Cellular architecture

The main goal of this division is to minimize damage radius when failures occur and simplify system scaling.

But you probably ask: – What are the differences from microservice architecture?

Cellular architecture and microservices architecture do have a lot in common, as both focus on breaking up large, complex systems into smaller, manageable components. However, there are key differences:

  1. Isolation level:

    • Microservices divide the application into independent services, each of which performs a specific function or business logic. These services can communicate with each other through certain APIs.

    • Cellular architecture goes further, offering not only separation by functionality, but also isolation of runtime environments. Each cell can contain one or more microservices, but they are isolated from other cells in terms of resources, dependencies, and network calls.

  2. Failure Handling:

    • IN microservice architecture Each service can be independently scaled and updated, which somehow increases the flexibility of the system, but a failure in one service can affect other services through network calls.

    • Cellular architecture seeks to minimize this effect by creating even tighter isolation, so that failures in one cell do not affect the functioning of other cells. This is achieved by using separate runtimes and data for each cell.

  3. Scalability:

    • Microservices offer scaling by adding service instances depending on the load.

    • Cellular architectures use a similar approach to scaling, but scaling can be more granular, since each cell can include all the necessary services and data to serve a specific segment of users or tasks.

Basic components of cellular architecture

Cell router: is the central element that controls the routing of requests to the appropriate cells based on the partitioning key. This key is usually associated with certain attributes of the request, such as user ID or resource. The cell router must be highly optimized and have minimal latency as it processes all incoming requests and routes them to the appropriate cells.

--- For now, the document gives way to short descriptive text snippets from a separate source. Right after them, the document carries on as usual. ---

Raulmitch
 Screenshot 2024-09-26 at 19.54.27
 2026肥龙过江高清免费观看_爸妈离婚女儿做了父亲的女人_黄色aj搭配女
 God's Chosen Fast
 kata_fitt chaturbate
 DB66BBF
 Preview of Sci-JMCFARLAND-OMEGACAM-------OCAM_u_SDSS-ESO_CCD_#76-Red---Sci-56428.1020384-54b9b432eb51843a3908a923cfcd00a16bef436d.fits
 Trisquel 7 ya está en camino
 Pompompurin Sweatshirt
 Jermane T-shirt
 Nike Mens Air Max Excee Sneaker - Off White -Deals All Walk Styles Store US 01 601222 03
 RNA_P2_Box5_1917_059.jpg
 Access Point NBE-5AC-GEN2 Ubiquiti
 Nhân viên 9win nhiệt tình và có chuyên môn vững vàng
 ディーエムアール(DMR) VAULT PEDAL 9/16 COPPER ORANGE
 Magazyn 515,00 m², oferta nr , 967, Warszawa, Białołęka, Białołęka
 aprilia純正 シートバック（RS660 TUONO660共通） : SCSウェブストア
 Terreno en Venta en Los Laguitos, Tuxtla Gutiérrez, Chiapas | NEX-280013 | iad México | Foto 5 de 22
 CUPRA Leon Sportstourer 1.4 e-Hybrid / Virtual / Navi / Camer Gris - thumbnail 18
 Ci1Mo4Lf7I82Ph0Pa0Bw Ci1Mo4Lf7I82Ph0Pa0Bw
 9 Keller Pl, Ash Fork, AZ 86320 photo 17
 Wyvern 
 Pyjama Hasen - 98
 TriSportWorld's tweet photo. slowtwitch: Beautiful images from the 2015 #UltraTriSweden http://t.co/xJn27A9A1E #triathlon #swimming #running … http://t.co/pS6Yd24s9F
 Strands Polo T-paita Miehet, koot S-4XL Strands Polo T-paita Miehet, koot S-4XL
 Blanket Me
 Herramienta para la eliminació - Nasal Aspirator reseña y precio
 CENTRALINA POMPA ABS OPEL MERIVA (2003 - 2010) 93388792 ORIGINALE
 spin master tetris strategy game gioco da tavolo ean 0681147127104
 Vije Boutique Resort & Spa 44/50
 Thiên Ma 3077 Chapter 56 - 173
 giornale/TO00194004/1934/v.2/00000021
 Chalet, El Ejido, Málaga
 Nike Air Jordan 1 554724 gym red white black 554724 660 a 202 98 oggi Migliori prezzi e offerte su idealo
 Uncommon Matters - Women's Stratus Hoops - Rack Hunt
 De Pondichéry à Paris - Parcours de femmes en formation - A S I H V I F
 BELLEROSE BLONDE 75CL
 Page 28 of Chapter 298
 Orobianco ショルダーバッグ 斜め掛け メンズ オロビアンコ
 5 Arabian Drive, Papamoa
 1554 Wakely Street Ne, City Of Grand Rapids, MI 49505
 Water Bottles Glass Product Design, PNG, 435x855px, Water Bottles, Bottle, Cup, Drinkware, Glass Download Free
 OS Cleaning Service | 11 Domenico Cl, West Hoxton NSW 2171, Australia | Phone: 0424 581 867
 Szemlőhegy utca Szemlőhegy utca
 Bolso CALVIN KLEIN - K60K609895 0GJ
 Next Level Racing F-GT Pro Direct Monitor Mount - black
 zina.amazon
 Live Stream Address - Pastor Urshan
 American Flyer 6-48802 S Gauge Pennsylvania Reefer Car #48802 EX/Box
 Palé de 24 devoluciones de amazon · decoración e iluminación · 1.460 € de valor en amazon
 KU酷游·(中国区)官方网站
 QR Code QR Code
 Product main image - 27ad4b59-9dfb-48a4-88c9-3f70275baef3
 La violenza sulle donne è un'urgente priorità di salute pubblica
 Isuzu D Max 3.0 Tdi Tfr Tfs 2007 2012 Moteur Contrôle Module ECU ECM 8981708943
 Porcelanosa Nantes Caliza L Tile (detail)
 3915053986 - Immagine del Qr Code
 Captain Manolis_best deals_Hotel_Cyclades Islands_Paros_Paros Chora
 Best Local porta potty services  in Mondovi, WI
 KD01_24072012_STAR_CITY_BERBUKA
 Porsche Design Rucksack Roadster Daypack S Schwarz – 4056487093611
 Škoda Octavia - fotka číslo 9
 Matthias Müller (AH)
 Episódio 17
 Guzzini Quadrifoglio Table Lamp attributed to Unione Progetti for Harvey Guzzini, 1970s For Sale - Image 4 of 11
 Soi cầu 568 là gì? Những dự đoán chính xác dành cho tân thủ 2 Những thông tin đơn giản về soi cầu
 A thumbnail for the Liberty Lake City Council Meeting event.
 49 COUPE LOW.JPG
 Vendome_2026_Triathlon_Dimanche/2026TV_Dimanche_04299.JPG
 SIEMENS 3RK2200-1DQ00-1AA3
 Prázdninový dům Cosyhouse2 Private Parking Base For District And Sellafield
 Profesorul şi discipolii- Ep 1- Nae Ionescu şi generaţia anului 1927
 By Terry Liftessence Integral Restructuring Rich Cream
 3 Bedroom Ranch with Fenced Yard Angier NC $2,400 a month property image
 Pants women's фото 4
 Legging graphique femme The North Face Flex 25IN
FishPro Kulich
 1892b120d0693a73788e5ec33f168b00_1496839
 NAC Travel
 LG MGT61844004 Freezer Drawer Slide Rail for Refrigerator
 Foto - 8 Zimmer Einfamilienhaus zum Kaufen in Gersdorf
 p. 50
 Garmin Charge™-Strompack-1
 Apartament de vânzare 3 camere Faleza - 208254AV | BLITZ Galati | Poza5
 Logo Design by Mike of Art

Cell: Each cell is a self-contained module that contains all the necessary resources and components to handle a portion of the overall system load. Cells are designed to be self-sufficient and independent, allowing failures to be isolated within one cell without affecting the functioning of other cells.

Control plane: Responsible for admin tasks such as deploying new cells, deleting them, and migrating clients between cells.

Where was the cellular architecture implemented?

Slack

Slack introduced cellular architecture to solve problems with gray refusalswhen different system components have different perceptions of each other's availability. The main concern was that a failure in one Availability Zone could negatively impact the entire system.

The main element in implementing Slack is drainage mechanisms, which allow you to quickly redirect traffic from one availability zone to another. This is achieved through a model in which each availability zone is treated as a separate cell that can be independently isolated from traffic if necessary.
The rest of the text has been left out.